» WORK TASK: Please output the data exactly, minus pictures.

» DATA SECTION:
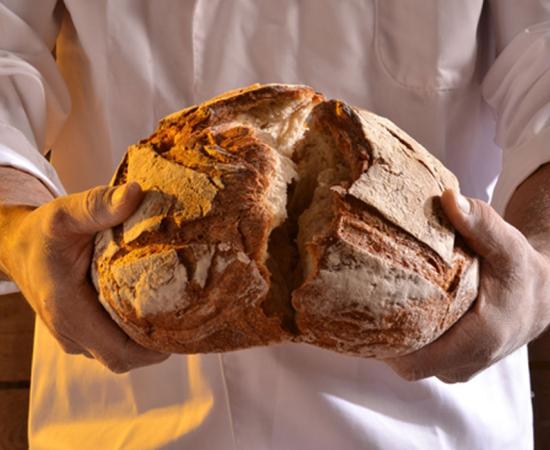 Traditional hand-made bread (gosphotodesign / Adobe Stock)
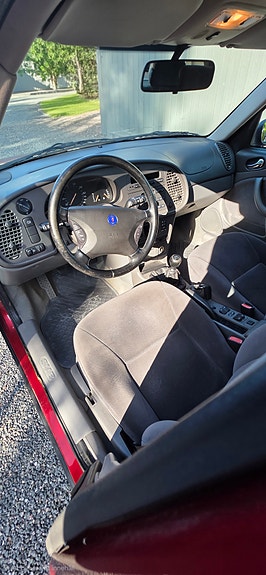 Saab 9-3 4 of 5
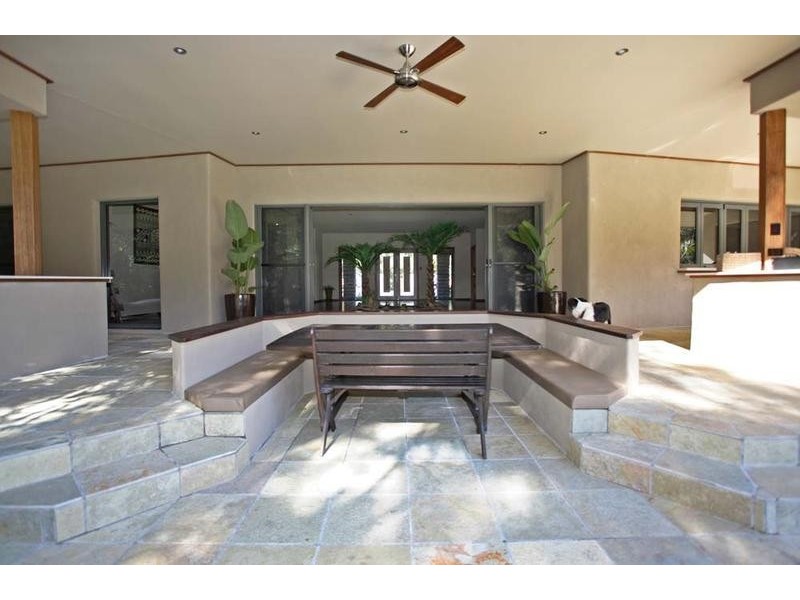 472 Tallebudgera Creek Road, Tallebudgera Valley QLD 4228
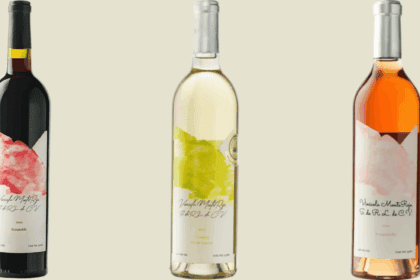 Bodega Monte Rojo gana premios en Londres en el CWSA con toda su línea de vinos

» RESULT OF THIS EXERCISE:
 Traditional hand-made bread (gosphotodesign / Adobe Stock)
 Saab 9-3 4 of 5
 472 Tallebudgera Creek Road, Tallebudgera Valley QLD 4228
 Bodega Monte Rojo gana premios en Londres en el CWSA con toda su línea de vinos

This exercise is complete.